Years ago, as a newly minted product leader, the CEO asked me to update our reporting feature,

“We have an Executive Account Review with Big Customer Z in a month,” he shared. “I just got off a call with them and the lack of visibility into Metric X has been a real sore point for them.”

“It’s imperative this meeting is successful,” he stressed. “We just need a handful of fields added to the existing report. That should solve the problem.”

And then it came:

“Can we get those fields added in the next three weeks so I have time to review the output before the meeting?”

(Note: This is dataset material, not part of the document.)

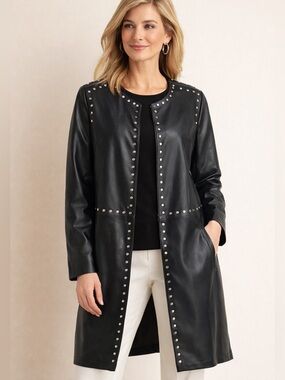 Chico's Black Faux Leather Studded Jacket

I took a deep breath. Then launched into my answer:

“That would jeopardize the current projects we’re working on and delay Release Elephant. We agreed that projects Dog, Cat, and Mouse would be the priorities for this month. If we move away from those now, Account Management will be upset. Besides, it will take some time to identify the right set of requirements. We should talk to other customers to see if this is a need for them too. Then we’ll need to take it through our prioritization process, followed by grooming to get a story point assessment and schedule it for a sprint.”

Guess what happened?

We ended up doing it anyway.

The CEO just went directly to the CTO and pressured him to do it.

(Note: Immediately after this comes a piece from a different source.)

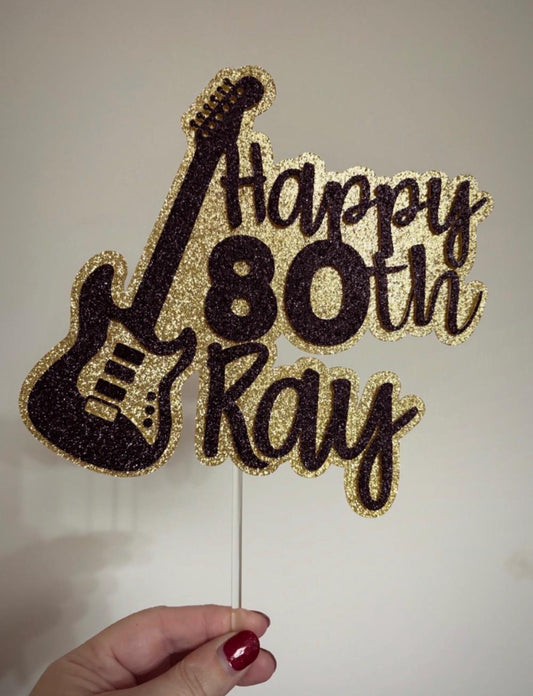 Personalized Guitar Cake Topper – Music Birthday Party Decoration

I had lost credibility. I had taught the CEO that it was just best to go to the CTO directly to make things happen.

Where did I fail?

I didn’t speak the language of MONEY.

CEOs Think in Money, Not Features

Your CEO knows which are your most profitable products.

They understand how the business works, how your product flows through the business to customers, and how that process makes money for the company.

When making decisions and communicating, they don’t use fancy terminology.

They stick to the fundamentals of business — i.e., the basics of money making:

  • Growing profitably

  • ROI and cash generation

  • Satisfying customer needs better than competitors

This focus guides everything:

  • Setting company priorities

  • Identifying gaps and flaws in the business model

  • Evaluating new business opportunities

  • Pursuing the best bets by taking what already exists and combining it in a different way to fill a market need

You may be nodding along because intuitively this makes sense. And, yet, when PMs open their mouths, they don’t speak to any of these.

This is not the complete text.